The 2022–23 season was Crawley Town's 127th season in their history and eighth consecutive season in League Two. The club finished 22nd in the league, three points above relegated side Hartlepool United, and also competed in the FA Cup, where they were eliminated in the first round, the EFL Cup, where they were eliminated in the third round, and the EFL Trophy, where they were eliminated in the group stage. The season covered the period from 1 July 2022 to 30 June 2023.

==Season summary==
In April 2022, the club was taken over by American cryptocurrency investment group WAGMI United, whose stated goal was "to reinvent broken legacy sports management models" and wanted to turn the club into "the internet's team". Upon taking over the club they set the target of achieving promotion to EFL League One by the end of their second season.
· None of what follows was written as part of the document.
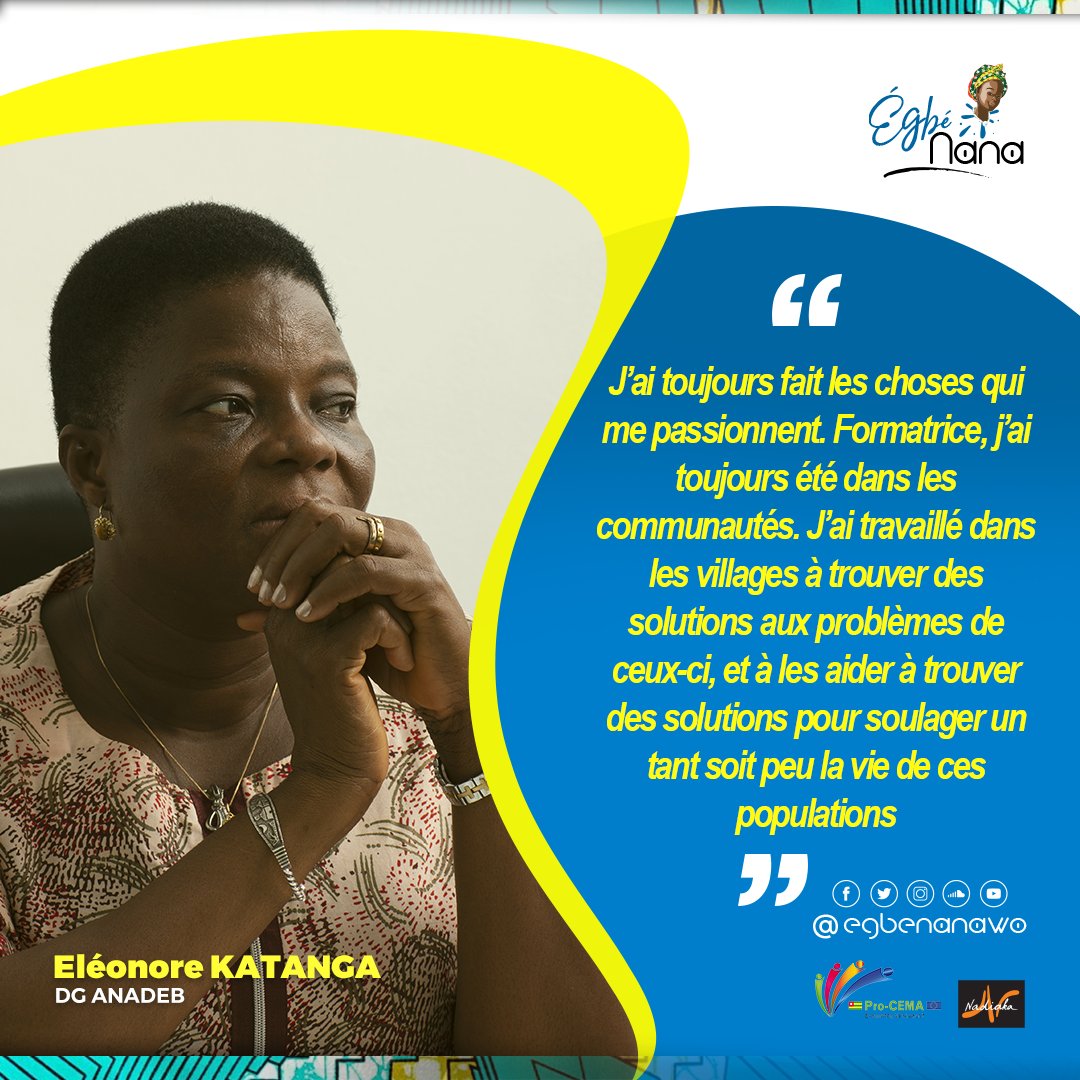 Eléonore KATANGA, notre nana de cette semaine, est agent de développement de formation. Elle a toujours aimé travailler avec les communautés, dans la gestion de leur développement. 
#Egbenana #FemmesLeaders #UEauTogo #ProCEMA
After manager John Yems was suspended by the club in April 2022, and later banned from football for 18 months for racist abuse of his own playing squad, Lewis Young took charge of the club on a caretaker basis for the final four matches of the 2021–22 season.

Crawley brought in Kevin Betsy as manager ahead of the 2022–23 season, who wanted to implement a possession-based style of football and instilled new training methods to the club, such as the use of a drone to record training sessions, and collecting urine samples from players to monitor hydration levels. Betsy was sacked on 9 October 2022 however, with the club bottom of League Two and having won one of 12 league matches, and his assistant manager Lewis Young took over on an interim basis. Young's tenure at Crawley saw the club pick up 12 points from seven matches, but despite his expectation to be given the manager role on a permanent basis, the club instead decided to appoint Matthew Etherington as manager on an 18-month contract, with co-owner Eben Smith later explaining in a thread on Twitter that he felt the club's underlying statistics were much worse than the results they picked up, and that "there was a better chance we'd be relegated with him than without him". However Etherington was sacked a month later, having managed just three matches as manager, and Darren Byfield took over from him on an interim basis. Byfield was joined in the dugout by co-chairman Preston Johnson for an away defeat to Stevenage, with Johnson the subject of ridicule online when he was overheard asking the fourth official how substitutions work. Swindon Town manager Scott Lindsey took over as manager on 11 January 2023 alongside his assistant Jamie Day, with the club 21st in the league. Lindsey won his first match as manager of Crawley, a 3–2 win at home to Salford City, but were winless in their following 8 matches. Despite this, a 2–0 win away to relegation rivals Hartlepool United on 22 April left the club needing a single point from their remaining two matches to confirm safety, which they picked up in the following match with a 0–0 draw against Walsall.

==Competitions==
===Pre-season===
Horsham revealed a friendly with Crawley on 10 May 2022, though this fixture was later cancelled. Sutton Common Rovers did likewise on 17 May, though this fixture was later cancelled. On 22 June, the Reds confirmed their first four pre-season friendlies, against Eastbourne Borough, East Grinstead Town, Charlton Athletic U23s and Aldershot Town. Two days later, a home fixture against Queens Park Rangers was confirmed. An eight addition was added to the schedule, against Three Bridges. A trip to Murcia and a friendly against Qatar SC were announced on 1 July, but the match against Qatar SC was cancelled later that day. the Another match was added to pre-season calendar, against Heart of Midlothian.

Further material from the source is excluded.